For when you come to think of it, the only way to love a person is not, as the stereotyped Christian notion is, to coddle them and bring them soup when they are sick, but by listening to them and seeing and believing in the god, in the poet, in them. For by doing this, you keep the god and the poet alive and make it flourish.
How does the creative impulse die in us? The English teacher who wrote fiercely on the margin of your theme in blue pencil: “Trite, rewrite,” helped to kill it. Critics kill it, your family. Families are great murderers of the creative impulse, particularly husbands. Older brothers sneer at younger brothers and kill it. There is that American pastime known as “kidding”—with the result that everyone is ashamed and hangdog about showing the slightest enthusiasm or passion or sincere feeling about anything. But I will tell more about that later.
You have noticed how teachers, critics, parents, and other know-it-alls, when they see you have written something, become at once long-nosed and finicking and go through it gingerly sniffing out the flaws.
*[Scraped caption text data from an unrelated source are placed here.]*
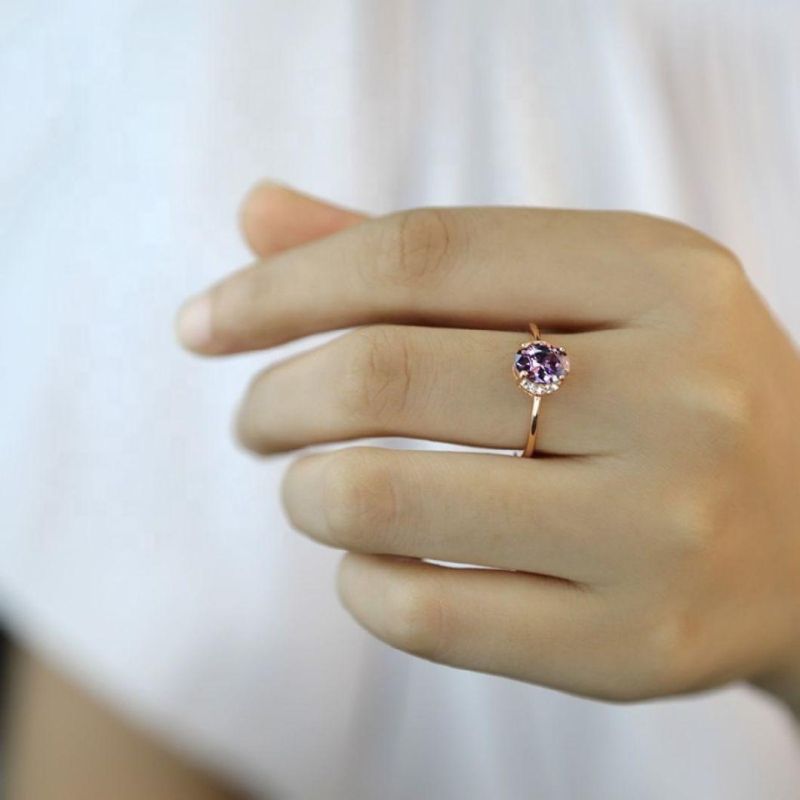925 Sterling Silver Ring 7mm Purple AAA Zircon Adjustable Ring for Women Wedding Engagement Fine Jewelry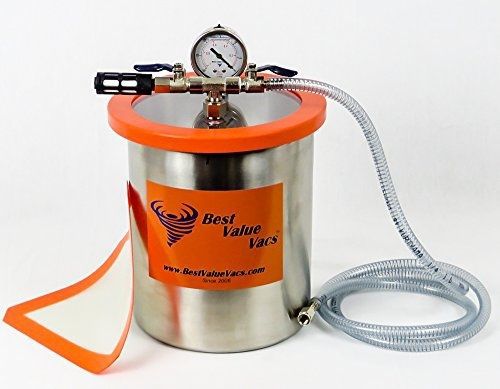 BestValueVacs 1.5 Gallon Tall Stainless Steel Vacuum Chamber to Degass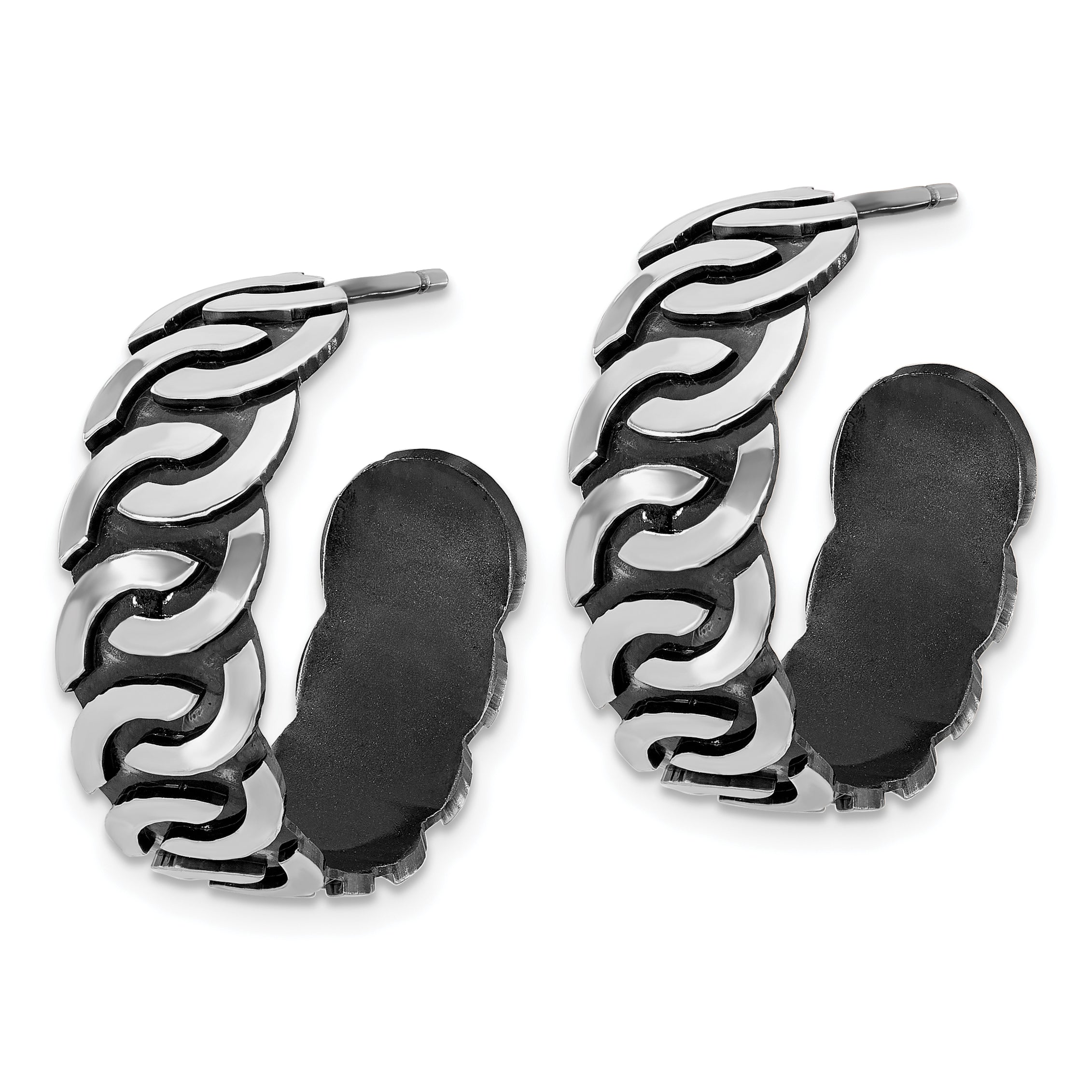 Sterling Silver Antiqued Burnished Polished J-Hoop Earrings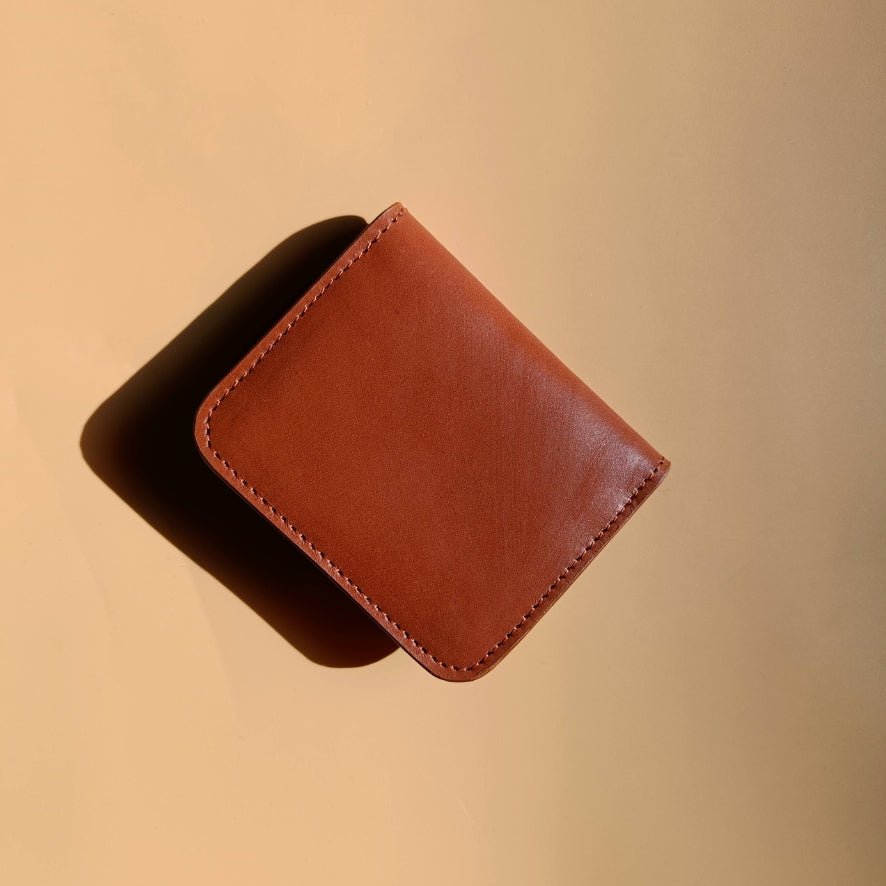 Slim Card Wallet in Tan - Bicyclist: Handmade Leather Goods Leather Goods Bicyclist: Handmade Leather Goods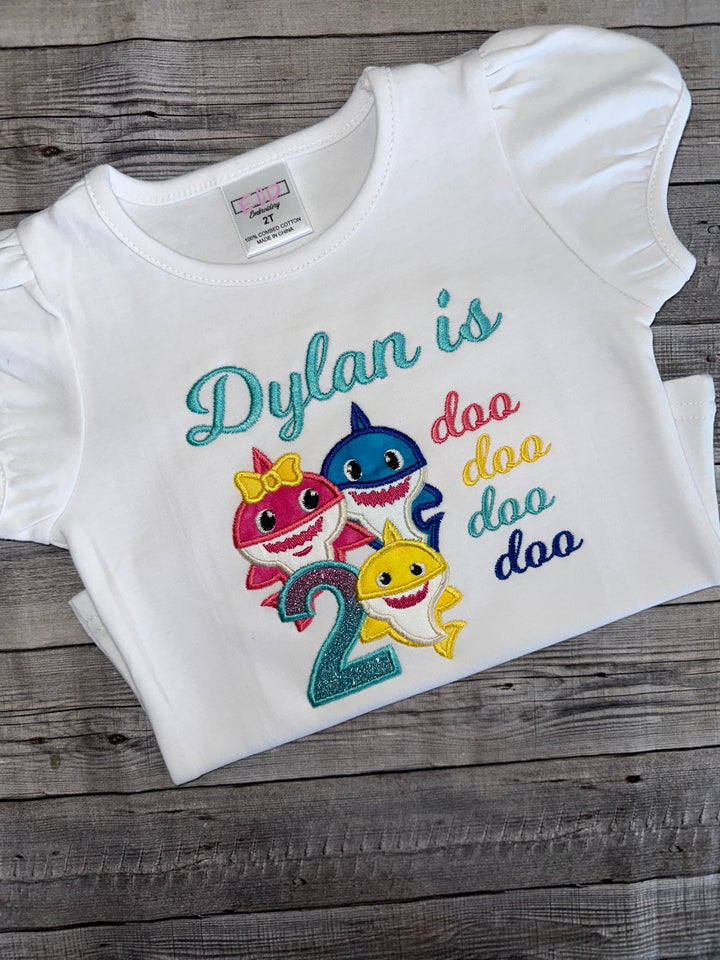 Personalized Baby Shark 2nd birthday shirt for girls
AHA! a misspelled word! as though Shakespeare could spell! As though spelling, grammar and what you learn in a book about rhetoric has anything to do with freedom and the imagination!
A friend of mine spoke of books that are dedicated like this: “To my wife, by whose helpful criticism …” and so on. He said the dedication should really read: “To my wife. If it had not been for her continual criticism and persistent nagging doubt as to my ability, this book would have appeared in Harper’s instead of The Hardware Age.”
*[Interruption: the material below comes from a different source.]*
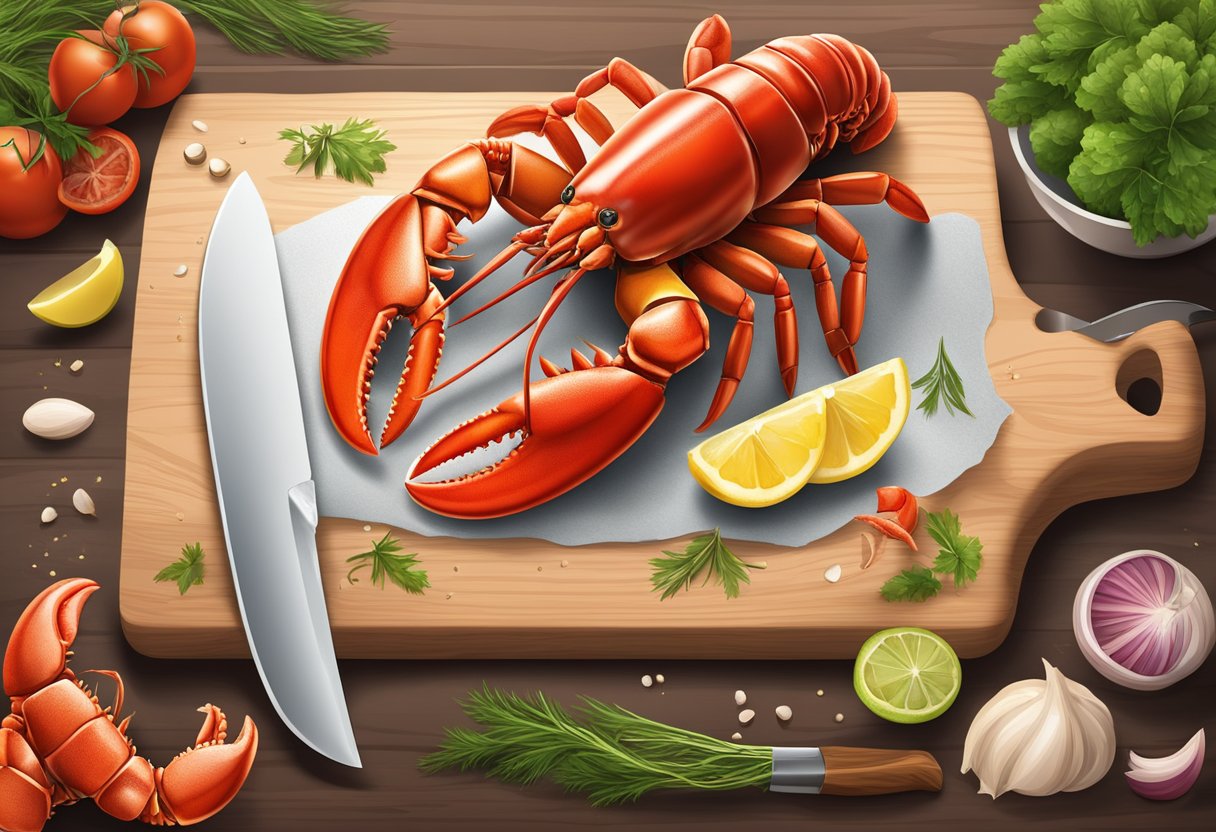 Lobster claws and arms arranged on a cutting board, with a knife and ingredients nearby for a recipe illustration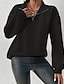 economico Felpe e maglioni da donna-Per donna Pullover Semplice Streetwear Casual Comodo Manica Lunga Scollo a V Top Regolari Streetwear Ferie Uscire Zip a un quarto Nero Autunno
So often I come upon articles written by critics of the very highest brow, and by other prominent writers, deploring the attempts of ordinary people to write. The critics rap us savagely on the head with their thimbles, for our nerve. No one but a virtuoso should be allowed to do it. The prominent writers sell funny articles about all the utterly crazy, fatuous, amateurish people who think they can write.
Well, that is all right. But this is one of the results: all people who try to write (and all people long to, which is natural and right) become anxious, timid, contracted, become perfectionists, so terribly afraid that they may put something down that is not as good as Shakespeare.
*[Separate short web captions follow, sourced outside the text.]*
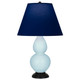 Robert Abbey - 1656N - One Light Accent Lamp - Small Double Gourd - Baby Blue Glazed Ceramic w/Deep Patina Bronze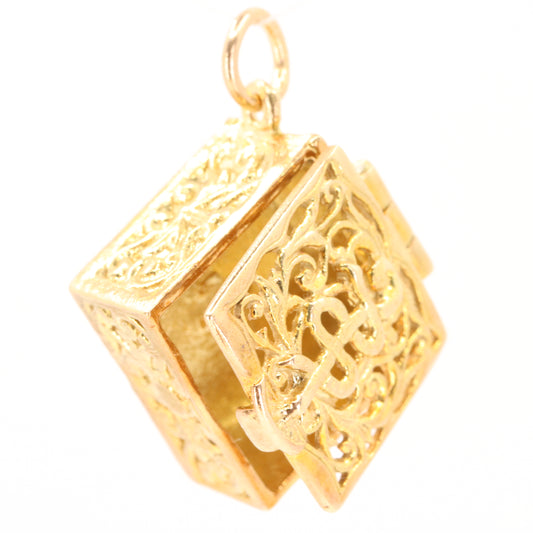 Vintage 9ct Hallmarked Gold Opening Box Pendant Floral Detailed Locket Charm Gift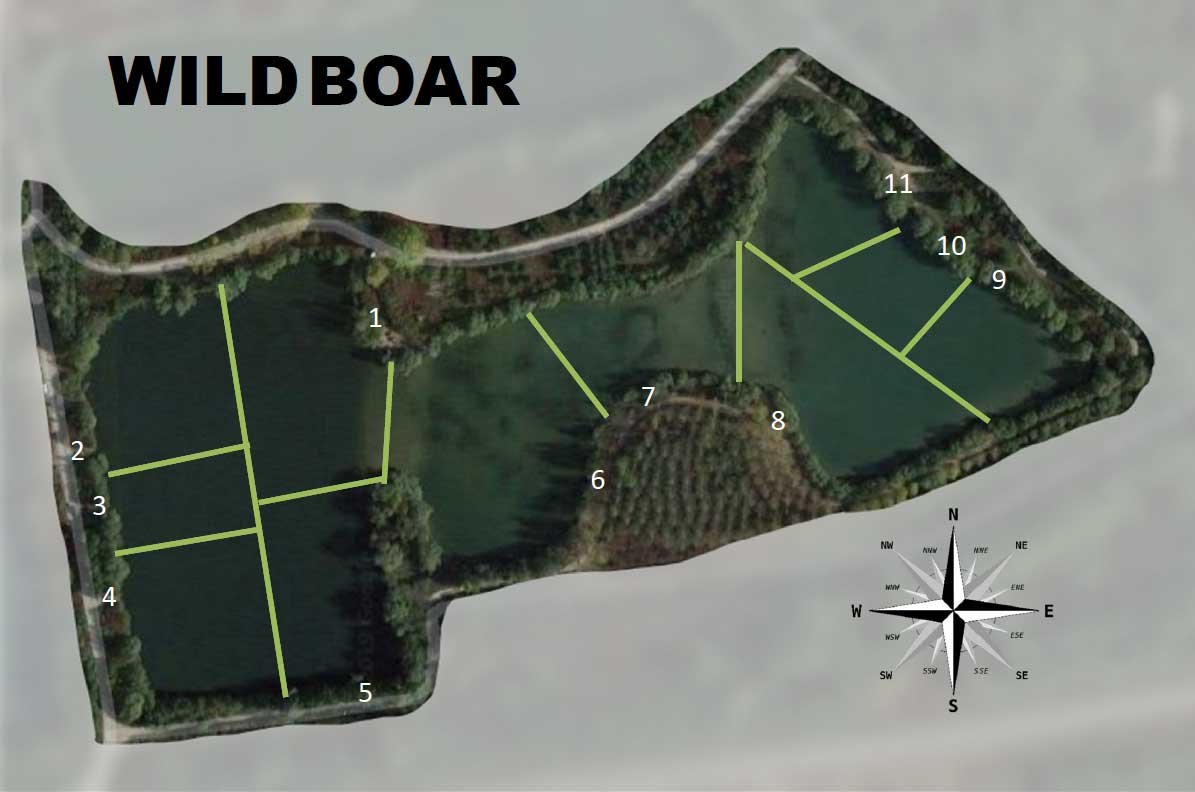 Map of Wild Boar Lake, Longueil Sainte Marie France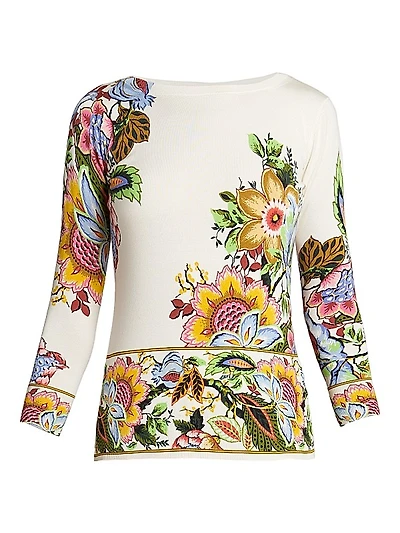 Knit Floral Silk-Blend Top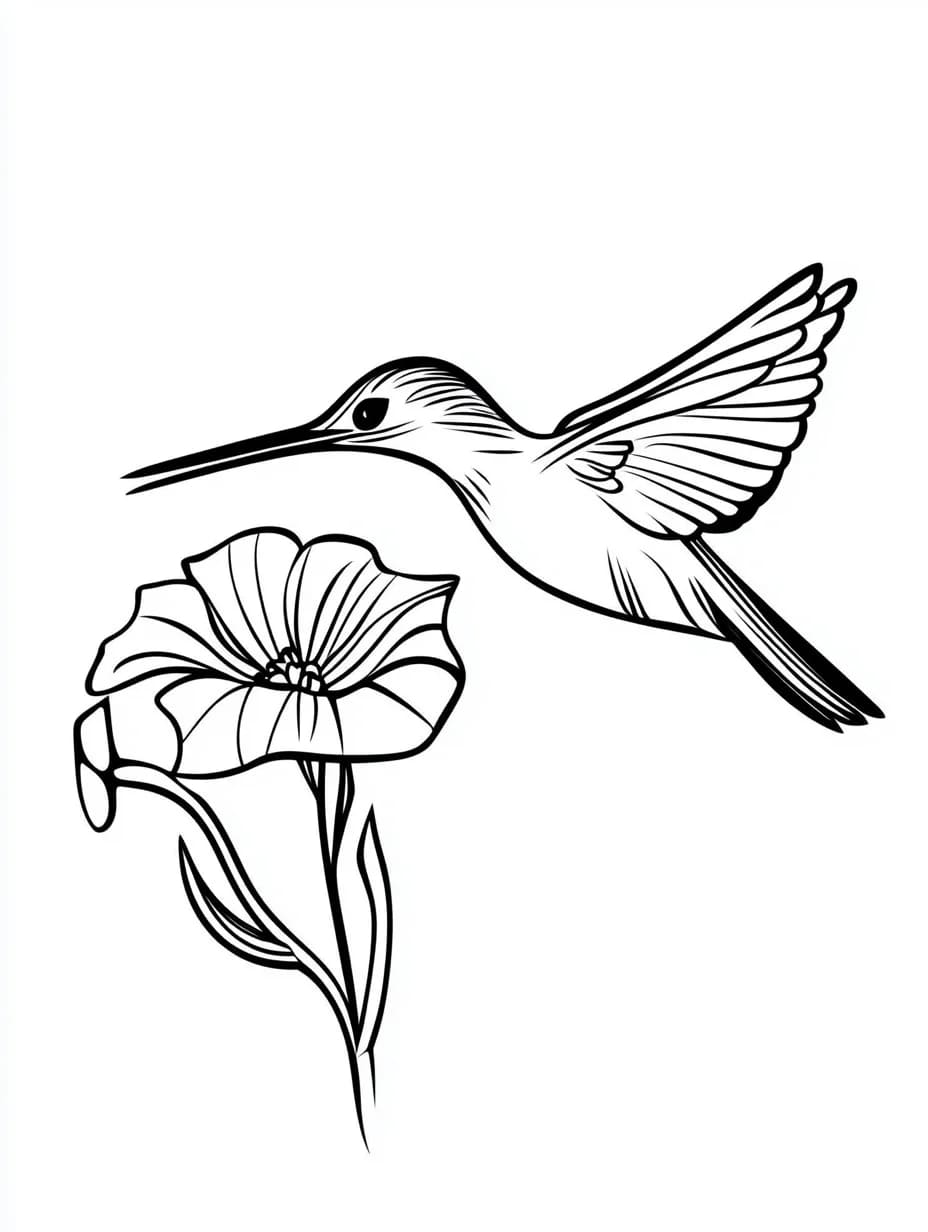 Colibrì con fiore da colorare Colibrì con fiore da colorare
And so no wonder you don’t write and put it off month after month, decade after decade. For when you write, if it is to be any good at all, you must feel free, free and not anxious. The only good teachers for you are those friends who love you, who think you are interesting, or very important, or wonderfully funny; whose attitude is:
“Tell me more. Tell me all you can. I want to understand more about everything you feel and know and all the changes inside and out of you. Let more come out.”
And if you have no such friend—and you want to write—well, then you must imagine one.
Yes, I hate orthodox criticism. I don’t mean great criticism, like that of Matthew Arnold and others, but the usual small niggling, fussy-mussy criticism, which thinks it can improve people by telling them where they are wrong, and results only in putting them in straitjackets of hesitancy and self-consciousness, and weazening all vision and bravery.
 
 
I hate it not so much on my own account, for I have learned at last not to let it balk me. But I hate it because of the potentially shining, gentle, gifted people of all ages, that it snuffs out every year. It is a murderer of talent. And because the most modest and sensitive people are the most talented, having the most imagination and sympathy, these are the very first ones to get killed off. It is the brutal egotists that survive.
Of course, in fairness, I must remind you of this: we writers are the most lily-livered of all craftsmen. We expect more, for the most peewee efforts, than any other people.
A gifted young woman writes a poem. It is rejected. She does not write another perhaps for two years, perhaps all her life. Think of the patience and love that a tap-dancer or vaudeville acrobat puts into his work. Think of how many times Kreisler has practiced trills. If you will write as many words as Kreisler has practiced trills I prophesy that you will win the Nobel Prize in ten years.
But here is an important thing: you must practice not perfunctorily, but with all your intelligence and love, as Kreisler does. A great musician once told me that one should never play a single note without hearing it, feeling that it is true, thinking it beautiful.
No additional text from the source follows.